DESCRIPTION OF THE TASK:
Word for word, restate the entries below and exclude every image.

EXERCISE MATERIAL:
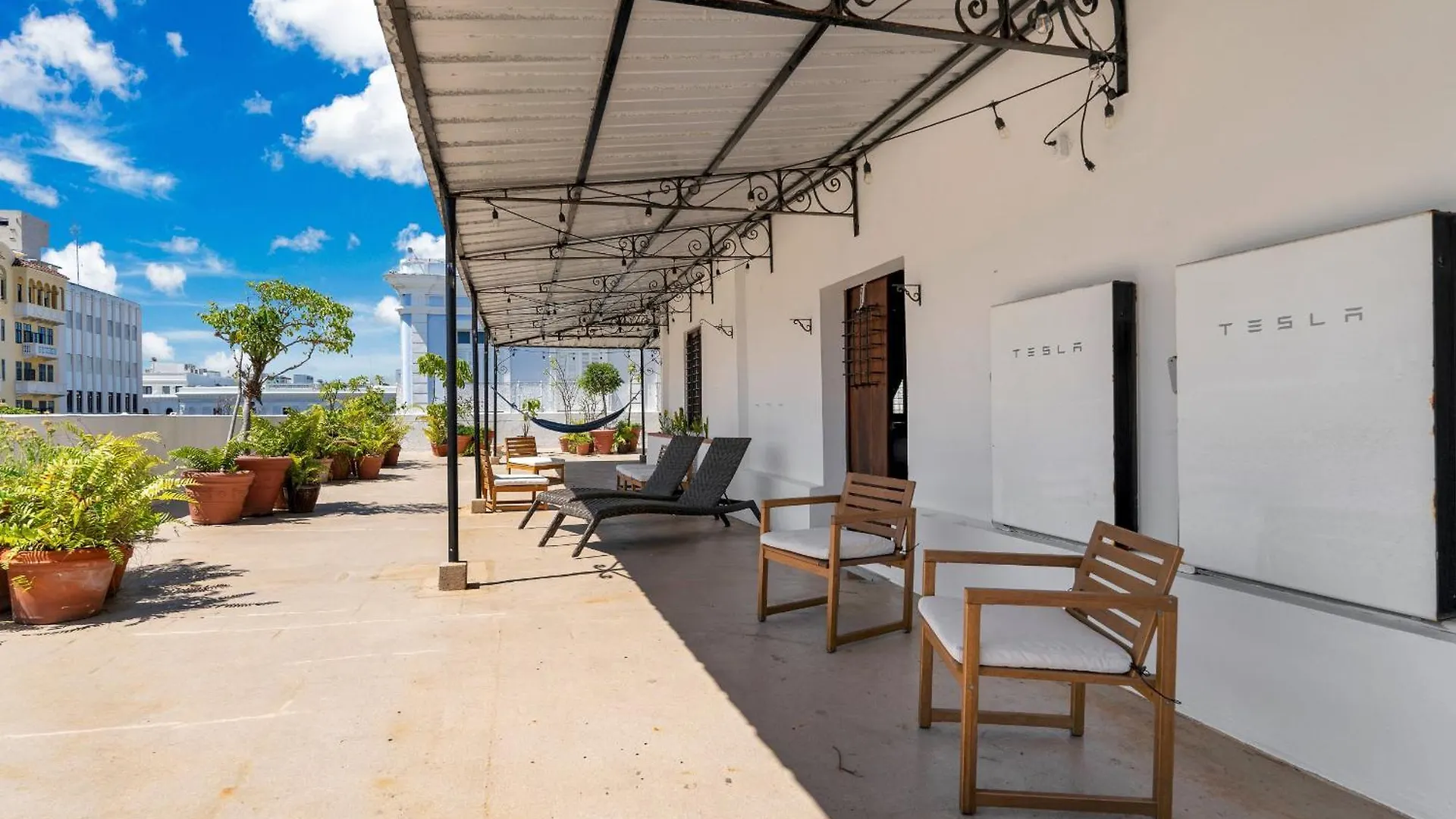 Spacious Apartment In The Heart Of San Juan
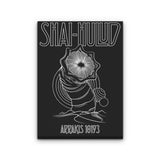 Kashmir - Canvas Print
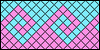 Normal pattern #5608 variation #393818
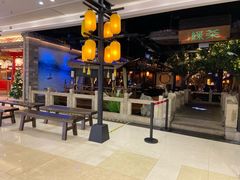 -绿茶餐厅(汇悦大融城店)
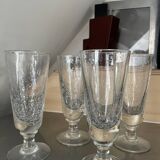 Absinthe glasses
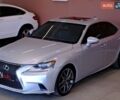 Серый Лексус ИС, объемом двигателя 2.5 л и пробегом 165 тыс. км за 14900 $, фото 2 на Automoto.ua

TASK RESPONSE:
 Spacious Apartment In The Heart Of San Juan
 Kashmir - Canvas Print
 Normal pattern #5608 variation #393818
 -绿茶餐厅(汇悦大融城店)
 Absinthe glasses
 Серый Лексус ИС, объемом двигателя 2.5 л и пробегом 165 тыс. км за 14900 $, фото 2 на Automoto.ua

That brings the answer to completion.